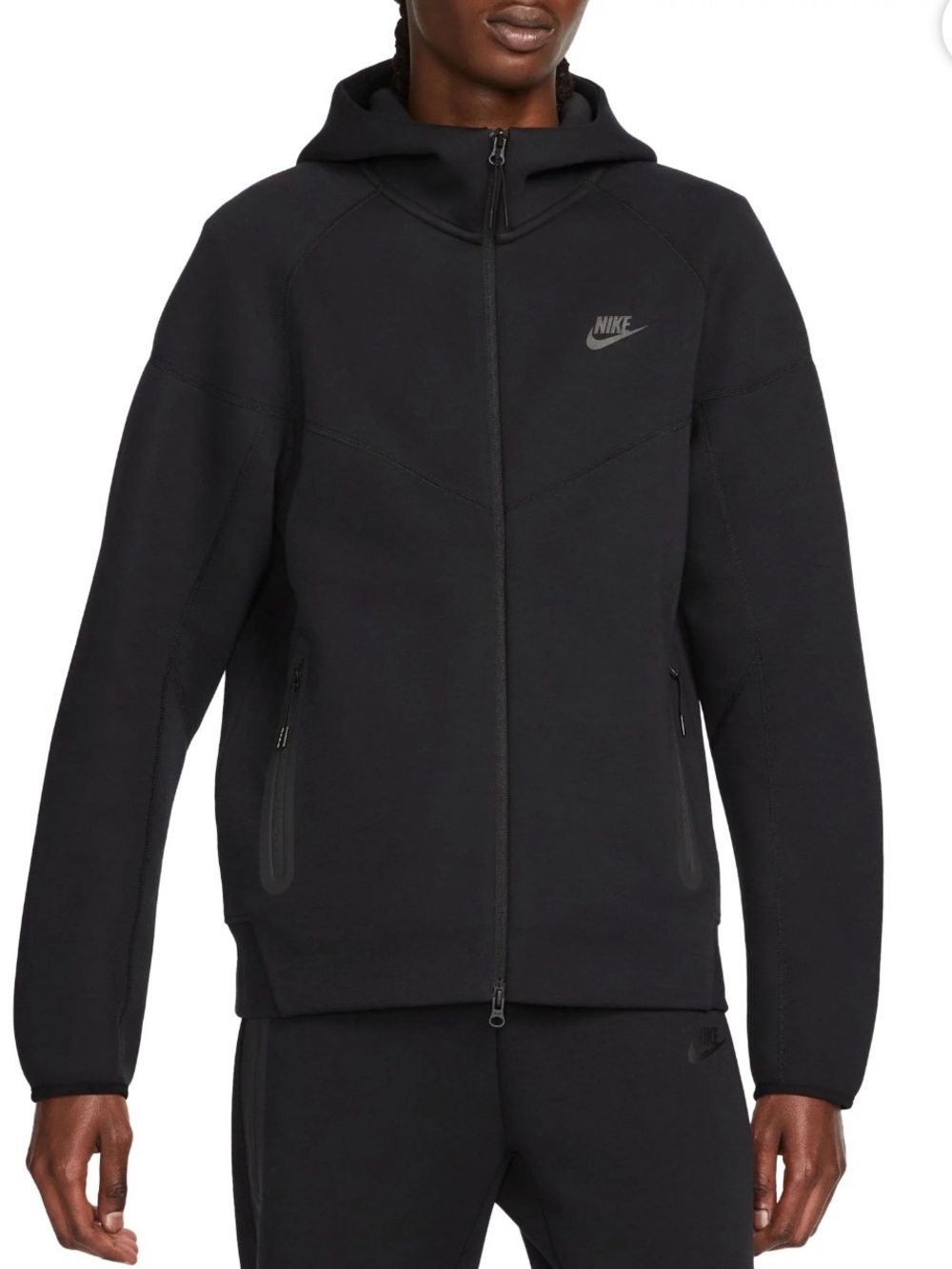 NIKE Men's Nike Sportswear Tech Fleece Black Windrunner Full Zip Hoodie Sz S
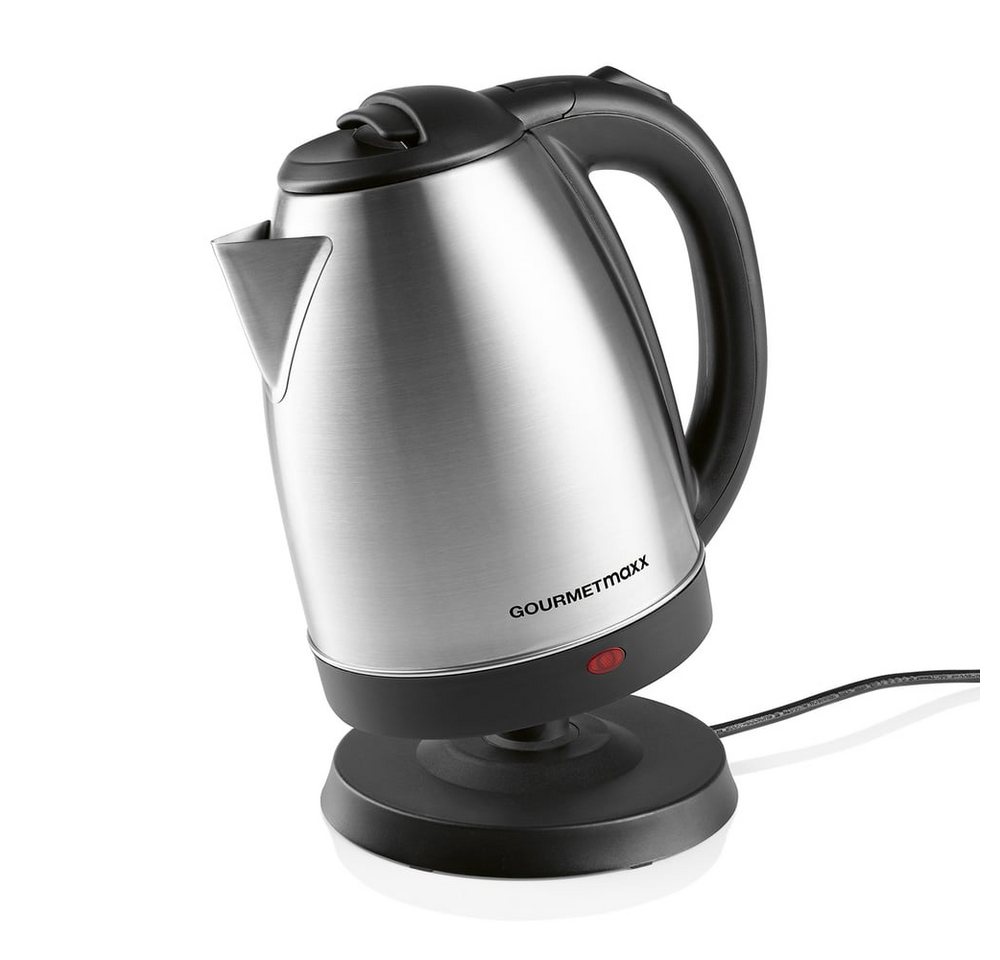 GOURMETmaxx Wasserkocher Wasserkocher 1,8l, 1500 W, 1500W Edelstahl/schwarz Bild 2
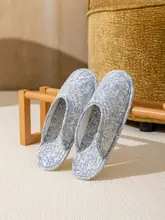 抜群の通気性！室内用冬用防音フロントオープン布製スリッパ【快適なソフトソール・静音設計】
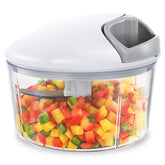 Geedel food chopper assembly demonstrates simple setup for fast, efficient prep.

What to produce. Could you print the whole listing again, exactly, leaving the pictures out?

Response for this exercise.
 NIKE Men's Nike Sportswear Tech Fleece Black Windrunner Full Zip Hoodie Sz S
 GOURMETmaxx Wasserkocher Wasserkocher 1,8l, 1500 W, 1500W Edelstahl/schwarz Bild 2
 抜群の通気性！室内用冬用防音フロントオープン布製スリッパ【快適なソフトソール・静音設計】
 Geedel food chopper assembly demonstrates simple setup for fast, efficient prep.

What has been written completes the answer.